DATASET CONTENT -
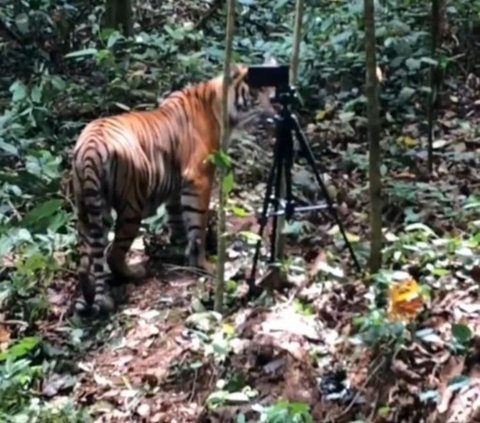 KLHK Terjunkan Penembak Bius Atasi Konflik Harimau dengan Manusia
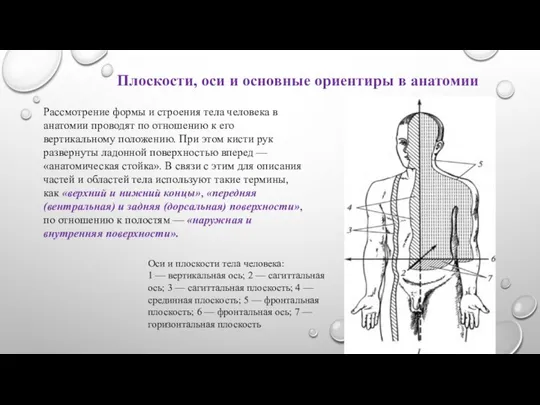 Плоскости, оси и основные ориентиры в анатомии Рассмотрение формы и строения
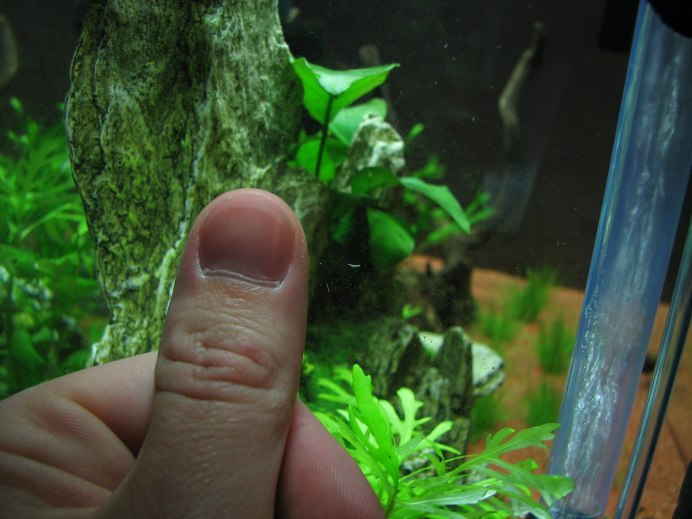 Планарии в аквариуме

WHAT YOU ARE ASKED TO DO -
For the data above, return an exact copy that contains no pictures.

TASK SOLUTION -
 KLHK Terjunkan Penembak Bius Atasi Konflik Harimau dengan Manusia
 Плоскости, оси и основные ориентиры в анатомии Рассмотрение формы и строения
 Планарии в аквариуме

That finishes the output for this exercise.